SourceL’enseignement culturel des religionsPrincipes directeurs et conditions d’implantation, Étude no 1. Groupe de travail sur la place de la religion à l'école. [Par le] Comité sur l'éducation au phénomène religieux, Gouvernement du Québec - Ministère de l'Éducation, 1999. p. 21


Ce n'est pas le fait que l'enfant ait ladite capacité d'opérer des choix qui inquiète ici. Cela fait partie de son développement. Ce qui ne veut pas dire que le parent ne doit plus avoir d'autorité sur son enfant, par exemple si ce dernier décidait de prendre de la drogue ou de risquer sa santé et sécurité. Ce qui inquiète plutôt, c'est qu'une entité gouvernementale démontre un intérêt de se servir de cette particularité du développement, pour programmer en quelque sorte la pensée de l'enfant en fonction des choix de l'État. L'école ne serait donc plus distincte de la couleur politique! 

L'annonce d'une grande noirceur...

Ceci implique par exemple, au niveau moral, que l'État pourrait inculquer aux enfants que la relation sexuelle à 10 ans est normale et saine, ou le joint de cannabis à 13 ans, etc. Ou que le marxisme et le communisme sont des options très valables. L'approche peut suggérer l'intention de l'État d'opérer une programmation psychologique ou morale, idéologique ou spirituelle, chez l'enfant, à l'encontre de la responsabilité des parents ou tuteurs, lesquels demeurent pourtant responsables devant la loi pour leurs enfants devant ce même État. Autrement dit: payez, et nous, l'élite élue ou non, les «spécialistes», on s'occupe de leur cerveau, de leur conscience morale et de ce qu'ils voteront en tant que jeunes adultes à la fin de la cohorte.


Loi sur l'Instruction publique et cheminement spirituel de l'élève

On peut dès lors se questionner sérieusement sur le sens que donnera l'État au mandat qu'il s'est donné en plus, par l'article 36 de la Loi sur l'Instruction publique, concernant le fait de faciliter le cheminement spirituel de l'élève:
«Elle [l'école] doit, notamment, faciliter le cheminement spirituel de l'élève afin de favoriser son épanouissement». (Extrait de l'article 36 de la Loi sur l'Instruction publique).

Mais comment interpréter ce «cheminement spirituel de l'élève» prévu par la loi, maintenant que le christianisme est banni des écoles non confessionnelles au Québec?

Réponse: Tout serait tolérable sauf le christianisme.

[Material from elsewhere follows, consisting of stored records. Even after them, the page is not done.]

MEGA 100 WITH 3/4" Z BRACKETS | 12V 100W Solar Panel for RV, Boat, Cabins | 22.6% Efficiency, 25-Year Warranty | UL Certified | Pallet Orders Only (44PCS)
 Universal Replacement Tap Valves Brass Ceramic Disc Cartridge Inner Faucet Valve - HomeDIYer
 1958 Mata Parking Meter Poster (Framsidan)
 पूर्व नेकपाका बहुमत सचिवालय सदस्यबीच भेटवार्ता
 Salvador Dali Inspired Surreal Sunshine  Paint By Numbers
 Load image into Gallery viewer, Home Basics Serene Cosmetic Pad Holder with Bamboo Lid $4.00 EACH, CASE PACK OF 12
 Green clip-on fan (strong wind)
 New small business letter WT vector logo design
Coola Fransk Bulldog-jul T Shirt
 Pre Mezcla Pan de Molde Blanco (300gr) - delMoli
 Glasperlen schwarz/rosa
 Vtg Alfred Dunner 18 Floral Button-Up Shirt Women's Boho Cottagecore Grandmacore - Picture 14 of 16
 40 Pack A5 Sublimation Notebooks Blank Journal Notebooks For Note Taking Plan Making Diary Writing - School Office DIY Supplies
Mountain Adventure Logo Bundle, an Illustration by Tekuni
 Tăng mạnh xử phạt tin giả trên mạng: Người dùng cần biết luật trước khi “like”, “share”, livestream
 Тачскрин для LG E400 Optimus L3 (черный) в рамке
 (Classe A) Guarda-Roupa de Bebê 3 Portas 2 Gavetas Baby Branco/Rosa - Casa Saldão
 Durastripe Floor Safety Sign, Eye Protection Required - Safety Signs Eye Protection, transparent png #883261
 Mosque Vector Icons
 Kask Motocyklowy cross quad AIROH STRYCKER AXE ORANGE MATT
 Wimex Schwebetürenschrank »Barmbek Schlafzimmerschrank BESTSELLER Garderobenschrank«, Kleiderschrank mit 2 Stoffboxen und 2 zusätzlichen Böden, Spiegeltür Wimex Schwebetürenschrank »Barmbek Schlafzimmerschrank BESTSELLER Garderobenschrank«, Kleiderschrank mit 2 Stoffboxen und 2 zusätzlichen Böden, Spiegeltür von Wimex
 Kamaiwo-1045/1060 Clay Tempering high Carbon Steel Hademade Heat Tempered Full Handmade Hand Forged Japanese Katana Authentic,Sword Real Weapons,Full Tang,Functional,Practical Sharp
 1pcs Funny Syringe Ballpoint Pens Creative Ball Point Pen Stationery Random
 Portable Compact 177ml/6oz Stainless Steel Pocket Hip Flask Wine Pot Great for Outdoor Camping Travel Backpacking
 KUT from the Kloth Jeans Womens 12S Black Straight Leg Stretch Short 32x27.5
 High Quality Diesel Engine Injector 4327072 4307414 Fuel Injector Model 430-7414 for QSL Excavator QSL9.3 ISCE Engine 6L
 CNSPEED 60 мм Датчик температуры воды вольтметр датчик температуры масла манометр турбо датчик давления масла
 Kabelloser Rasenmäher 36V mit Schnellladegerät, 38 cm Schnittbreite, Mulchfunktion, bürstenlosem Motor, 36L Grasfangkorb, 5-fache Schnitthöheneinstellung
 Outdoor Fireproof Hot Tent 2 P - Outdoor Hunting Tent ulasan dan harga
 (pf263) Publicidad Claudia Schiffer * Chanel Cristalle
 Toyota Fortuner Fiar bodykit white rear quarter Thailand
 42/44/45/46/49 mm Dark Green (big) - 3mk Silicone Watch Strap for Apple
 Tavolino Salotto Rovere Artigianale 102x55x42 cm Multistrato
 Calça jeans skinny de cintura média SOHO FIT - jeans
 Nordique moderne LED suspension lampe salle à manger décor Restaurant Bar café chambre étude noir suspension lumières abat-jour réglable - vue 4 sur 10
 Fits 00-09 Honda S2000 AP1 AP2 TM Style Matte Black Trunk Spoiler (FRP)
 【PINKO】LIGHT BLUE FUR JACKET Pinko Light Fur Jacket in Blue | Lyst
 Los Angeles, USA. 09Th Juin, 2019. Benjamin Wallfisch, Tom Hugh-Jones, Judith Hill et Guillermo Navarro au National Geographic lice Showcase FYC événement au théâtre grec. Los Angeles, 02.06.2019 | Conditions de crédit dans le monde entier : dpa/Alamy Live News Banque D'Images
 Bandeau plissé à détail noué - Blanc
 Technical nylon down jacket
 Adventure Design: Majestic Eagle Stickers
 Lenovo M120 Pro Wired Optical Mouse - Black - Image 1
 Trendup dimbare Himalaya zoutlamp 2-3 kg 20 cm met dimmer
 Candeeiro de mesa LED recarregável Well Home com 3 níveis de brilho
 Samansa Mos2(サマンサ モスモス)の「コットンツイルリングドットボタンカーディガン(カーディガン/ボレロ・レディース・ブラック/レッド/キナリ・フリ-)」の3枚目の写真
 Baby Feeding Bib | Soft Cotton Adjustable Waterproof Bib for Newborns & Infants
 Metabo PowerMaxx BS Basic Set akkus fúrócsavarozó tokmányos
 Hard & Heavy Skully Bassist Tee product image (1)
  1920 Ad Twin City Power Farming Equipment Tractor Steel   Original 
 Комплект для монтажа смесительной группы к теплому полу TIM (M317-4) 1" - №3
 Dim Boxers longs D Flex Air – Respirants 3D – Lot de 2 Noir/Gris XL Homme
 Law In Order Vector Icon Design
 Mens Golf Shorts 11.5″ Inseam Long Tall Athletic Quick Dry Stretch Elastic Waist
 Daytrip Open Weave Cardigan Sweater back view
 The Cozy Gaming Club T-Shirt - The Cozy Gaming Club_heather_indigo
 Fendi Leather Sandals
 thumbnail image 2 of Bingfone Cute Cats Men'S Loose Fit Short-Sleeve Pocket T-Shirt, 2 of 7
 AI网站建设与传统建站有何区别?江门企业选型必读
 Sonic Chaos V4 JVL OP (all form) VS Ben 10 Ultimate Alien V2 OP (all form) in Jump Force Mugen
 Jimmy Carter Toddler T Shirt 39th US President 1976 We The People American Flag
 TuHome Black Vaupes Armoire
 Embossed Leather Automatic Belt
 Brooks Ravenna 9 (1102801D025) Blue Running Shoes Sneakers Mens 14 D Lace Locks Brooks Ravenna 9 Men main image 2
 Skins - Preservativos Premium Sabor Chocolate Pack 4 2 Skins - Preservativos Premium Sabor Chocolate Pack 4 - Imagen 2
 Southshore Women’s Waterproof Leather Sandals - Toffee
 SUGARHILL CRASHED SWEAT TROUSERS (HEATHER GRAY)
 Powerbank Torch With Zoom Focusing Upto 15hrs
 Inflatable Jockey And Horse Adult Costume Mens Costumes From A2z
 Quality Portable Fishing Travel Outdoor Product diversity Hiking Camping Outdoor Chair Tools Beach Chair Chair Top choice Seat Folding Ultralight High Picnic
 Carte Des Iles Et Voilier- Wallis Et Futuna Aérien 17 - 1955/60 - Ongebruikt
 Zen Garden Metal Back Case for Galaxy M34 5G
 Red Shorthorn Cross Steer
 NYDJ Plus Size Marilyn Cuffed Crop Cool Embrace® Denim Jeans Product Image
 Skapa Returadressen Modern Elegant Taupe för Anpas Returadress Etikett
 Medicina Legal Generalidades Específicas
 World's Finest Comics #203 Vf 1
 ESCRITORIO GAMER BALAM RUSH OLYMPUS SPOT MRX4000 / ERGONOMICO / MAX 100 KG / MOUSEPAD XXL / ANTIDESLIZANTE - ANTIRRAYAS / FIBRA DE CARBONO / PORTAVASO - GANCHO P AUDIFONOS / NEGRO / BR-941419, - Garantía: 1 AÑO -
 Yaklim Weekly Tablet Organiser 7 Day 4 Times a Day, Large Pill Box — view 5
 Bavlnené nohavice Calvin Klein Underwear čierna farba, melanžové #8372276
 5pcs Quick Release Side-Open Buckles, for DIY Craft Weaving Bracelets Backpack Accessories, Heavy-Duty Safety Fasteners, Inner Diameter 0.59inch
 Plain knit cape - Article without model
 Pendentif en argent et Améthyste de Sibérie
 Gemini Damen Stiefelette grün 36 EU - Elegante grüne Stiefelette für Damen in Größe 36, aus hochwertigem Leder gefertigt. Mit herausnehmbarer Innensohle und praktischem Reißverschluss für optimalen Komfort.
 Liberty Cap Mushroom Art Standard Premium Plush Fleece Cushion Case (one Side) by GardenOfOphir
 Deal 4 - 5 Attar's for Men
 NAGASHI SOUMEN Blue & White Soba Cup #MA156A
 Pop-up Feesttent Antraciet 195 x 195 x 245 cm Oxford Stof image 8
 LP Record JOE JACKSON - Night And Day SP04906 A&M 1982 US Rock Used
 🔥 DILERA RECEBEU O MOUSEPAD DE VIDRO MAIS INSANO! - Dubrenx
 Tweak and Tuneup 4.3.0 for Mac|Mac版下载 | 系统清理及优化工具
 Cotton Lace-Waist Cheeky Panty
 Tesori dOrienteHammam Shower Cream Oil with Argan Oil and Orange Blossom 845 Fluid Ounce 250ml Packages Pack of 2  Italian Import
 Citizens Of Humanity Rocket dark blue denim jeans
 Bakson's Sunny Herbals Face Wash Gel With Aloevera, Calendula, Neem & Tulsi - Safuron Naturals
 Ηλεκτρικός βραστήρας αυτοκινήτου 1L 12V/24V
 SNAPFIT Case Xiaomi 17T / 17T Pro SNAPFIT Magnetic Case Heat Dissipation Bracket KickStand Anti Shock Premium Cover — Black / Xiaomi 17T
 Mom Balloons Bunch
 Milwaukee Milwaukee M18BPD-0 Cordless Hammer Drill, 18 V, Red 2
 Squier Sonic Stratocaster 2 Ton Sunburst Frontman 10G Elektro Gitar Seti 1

Imaginez un instant le sens à donner au "cheminement spirituel de l'élève" en fonction d'un programme qui a banni le christianisme. Ceci peut aisément s'opérer dans le contexte d'un jugement de valeur subtile (non déclaré) sur les religions et spiritualités (une sorte de liste non écrite). Cela signifie qu'une commission scolaire puisse éventuellement décider (selon la pensée répandue depuis la Révolution tranquille, une prémisse récente) que si le christianisme n'est pas bon (leur point de vue), l'hindouisme et le bouddhisme peuvent l'être. On pourrait par exemple se doter de pratiques ou techniques hindoues dans certaines plages de l'horaire, y inclus en dehors du "cours" d'ECR; exemple, les techniques du yoga (=initiation aux enseignements hindous et bouddhiques, au début d'un cours). Mais coudonc! Ça se fait déjà, ma foi!

Il faut savoir que l'ECR n'est pas un cours, mais un programme (une approche, une philosophie) qui a des connexions (ramifications) avec les autres cours.

Interrelation de l'ECR avec le contenu des trois cycles du Primaire au Québec (1ère à 6e année du Primaire)
 
Intégration du programme d'ECR (Éthique et culture religieuse), au Québec, avec les divers domaines d'apprentissage, 3 cycles du Primaire. Il est important de noter que l'ECR est plus qu'un cours, c'est un programme intégré avec des liens dans diverses matières; une philosophie de l'ingénierie des sociétés et des valeurs incluant la gestion de la pensée dans toutes les disciplines. Source de l'image: Éthique et culture religieuse, version approuvée, Primaire. MELS (2007).
Interrelation de l'ECR avec le contenu des deux cycles du Secondaire au Québec (1ère à 5e année du Secondaire)
Intégration du programme d'ECR (Éthique et culture religieuse), au Québec, avec les divers domaines d'apprentissage, niveau du Secondaire. Il est important de noter que l'ECR est au Secondaire aussi, plus qu'un cours. Il s'agit d'un véritable programme de gestion des croyances avec des liens dans diverses matières; une philosophie de l'ingénierie des sociétés et des valeurs incluant la gestion de la pensée dans diverses disciplines. Source de l'image: Éthique et culture religieuse, version approuvée, Secondaire. MELS (2007).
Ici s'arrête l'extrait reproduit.